Andamento do Processo n. 1000382-75.2018.5.02.0062 - RO - 22/03/2019 do TRT-2

15ª Turma

Processo Nº RO-1000382-75.2018.5.02.0062

Relator BEATRIZ DE LIMA PEREIRA

RECORRENTE SINDICATO EMP INST BENEF RELIGIOSAS FILANTROPICAS SP

ADVOGADO MANOEL SOUZA NETO(OAB: 283213/SP)

RECORRIDO LEGIAO DA BOA VONTADE

ADVOGADO CARINA SANDER ARDITO(OAB: 157356/SP)

Intimado (s)/Citado (s):

- LEGIAO DA BOA VONTADE

PODER JUDICIÁRIO

JUSTIÇA DO TRABALHO

PROCESSO TRT/SP N.º 1000382-75.2018.5.02.0062 RECURSO ORDINÁRIO RECORRENTE: SEIBREF - SINDICATO DOS EMPREGADOS EM INSTITUIÇÕES BENEFICENTES, RELIGIOSAS E FILANTRÓPICAS DE SÃO PAULO RECORRIDA: LEGIÃO DA BOA VONTADE ORIGEM: 62.ª VARA DO TRABALHO DE SÃO PAULO RELATORA: BEATRIZ DE LIMA PEREIRA

Inconformado com a sentença de fl. 223/225, que julgou improcedente a pretensão inicial, recorre o sindicato autor, às fl. 229/256, ordinariamente, pugnando pela declaração de inconstitucionalidade dos dispositivos da Reforma Trabalhista que afastaram o recolhimento obrigatório da contribuição sindical pelos empregadores e a conseqüente condenação da demandada no pagamento da contribuição em referência.

Custas processuais à fl. 250.

Contrarrazões apresentadas pela demandada às fl. 265/269.

Não há pronunciamento do Ministério Público do Trabalho, conforme estabelecido na Portaria 3, de 27 de janeiro de 2005, da Procuradoria Regional do Trabalho da 2ª Região.

É o relatório.

VOTO

Presentes os pressupostos extrínsecos de admissibilidade, conheço do recurso .

Da contribuição sindical após a alteração promovida pela Lei n.º 13.467/2017

A Reforma Trabalhista promovida pela Lei n.º 13.467/2017 alterou a redação dos artigos 545, 578, 579, 582, 583, 587 e 602 da Consolidação das Leis do Trabalho, excluindo a obrigatoriedade da contribuição sindical, estabelecendo a possibilidade de cobrança mediante prévia e expressa autorização do integrante da categoria profissional ou econômica.

Tal modificação legislativa foi objeto de ações no STF, que, em 29.06.2018, proferiu decisão na ADI 5794 e na ADC 55, declarando a constitucionalidade da chamada reforma trabalhista no tocante à exclusão da compulsoriedade da contribuição sindical.

Nesse sentido, a notícia extraída do sítio eletrônico do Supremo:

"Por 6 votos a 3, o Supremo Tribunal Federal (STF) decidiu, na manhã desta sexta-feira (29), declarar a constitucionalidade do ponto da Reforma Trabalhista que extinguiu a obrigatoriedade da contribuição sindical.

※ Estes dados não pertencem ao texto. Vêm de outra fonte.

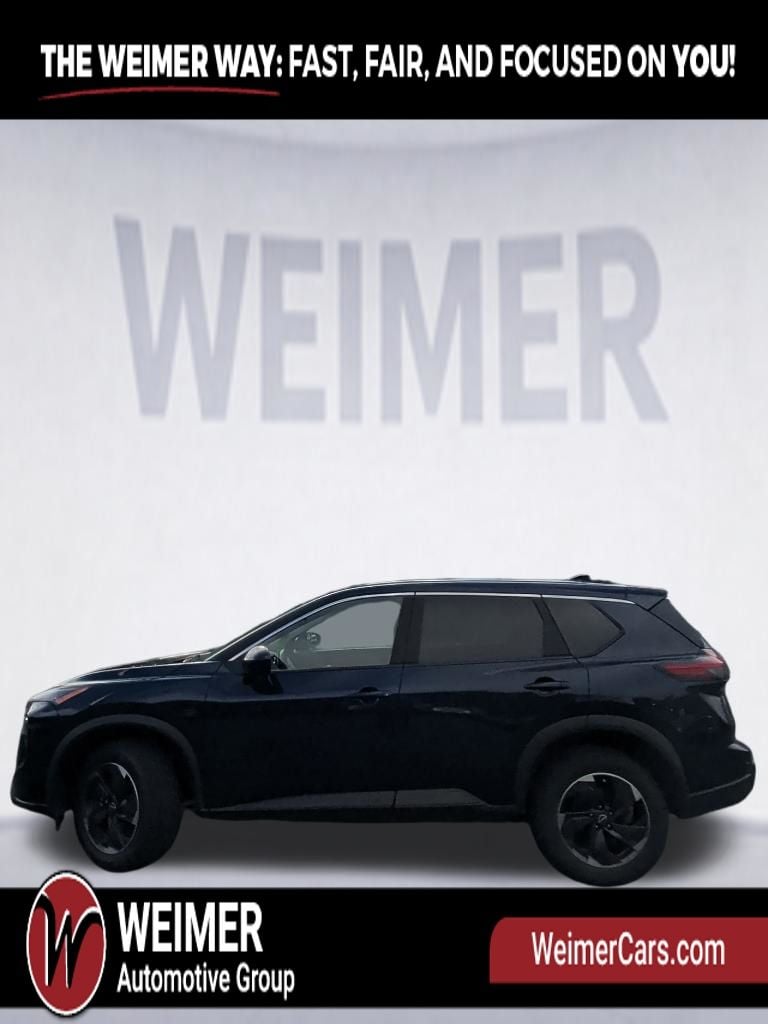 Pre-Owned 2024 Nissan Rogue SV - photo - 1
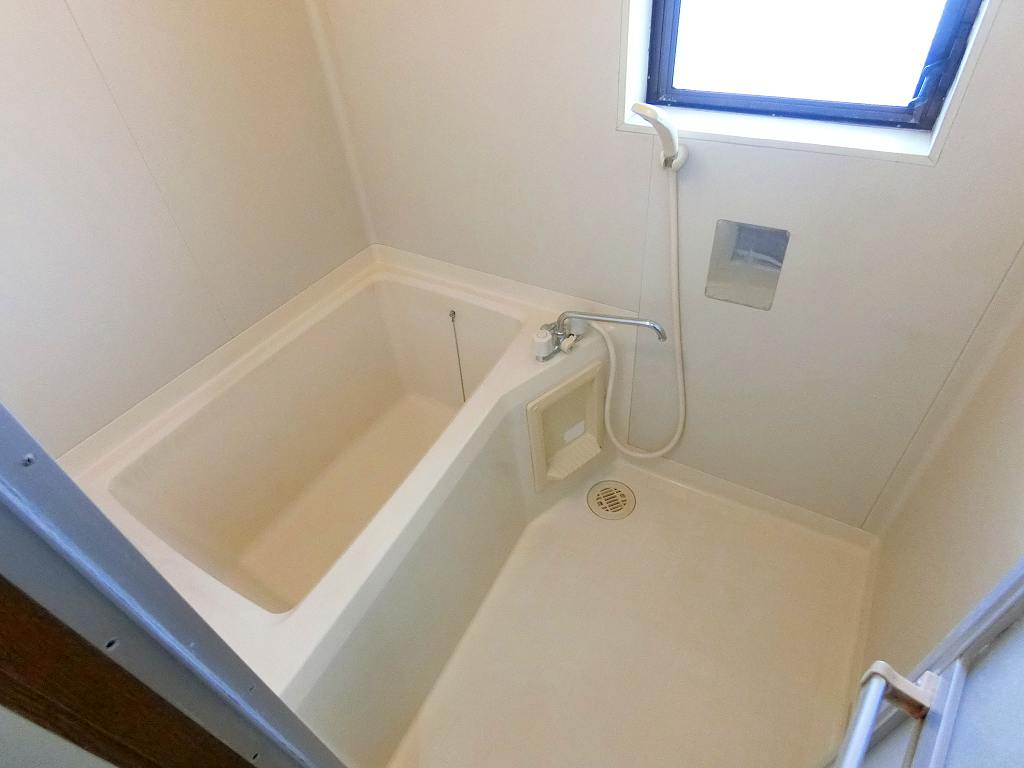 バス・シャワールーム　換気窓のあるバスルーム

O dispositivo foi questionado na Ação Direta de Inconstitucionalidade (ADI) 5794, em outras 18 ADIs ajuizadas contra a nova regra e na Ação Declaratória de constitucionalidade (ADC) 55, que buscava o reconhecimento da validade da mudança na legislação. Como as ações tramitaram de forma conjunta, a decisão de hoje aplica-se a todos os processos.

Prevaleceu o entendimento do ministro Luiz Fux, apresentado ontem (28), quando o julgamento foi iniciado. Entre os argumentos expostos por ele e pelos ministros Alexandre de Moraes, Luís Roberto Barroso, Gilmar Mendes, Marco Aurélio e Cármen Lúcia, está o de não se poder admitir que a contribuição sindical seja imposta a trabalhadores e empregadores quando a Constituição determina que ninguém é obrigado a se filiar ou a se manter filiado a uma entidade sindical. Além disso, eles concordaram que o fim da obrigatoriedade da contribuição sindical não ofende a Constituição."

Também consoante notícia extraída do sítio eletrônico do Colendo STF, o Ministro Luiz Fux, designado para ser o redator do acórdão, apontou as seguintes razões para declarar a constitucionalidade do fim da contribuição sindical obrigatória:

"Adiantando seu voto, o ministro Luiz Fux divergiu do relator e votou pela improcedência das ADIs e pela procedência da ADC. Para ele, a Lei 13.467/2017 não contempla normas gerais de direito tributário e, portanto, a matéria tratada não reclama lei complementar .

Fux também entendeu que a contribuição não é matéria constitucional. "Não há na Constituição qualquer comando que determine a compulsoriedade", afirmou. O artigo 8º, inciso IV, segundo assinalou, trata da contribuição para custeio do sistema confederativo e remete à lei a contribuição obrigatória .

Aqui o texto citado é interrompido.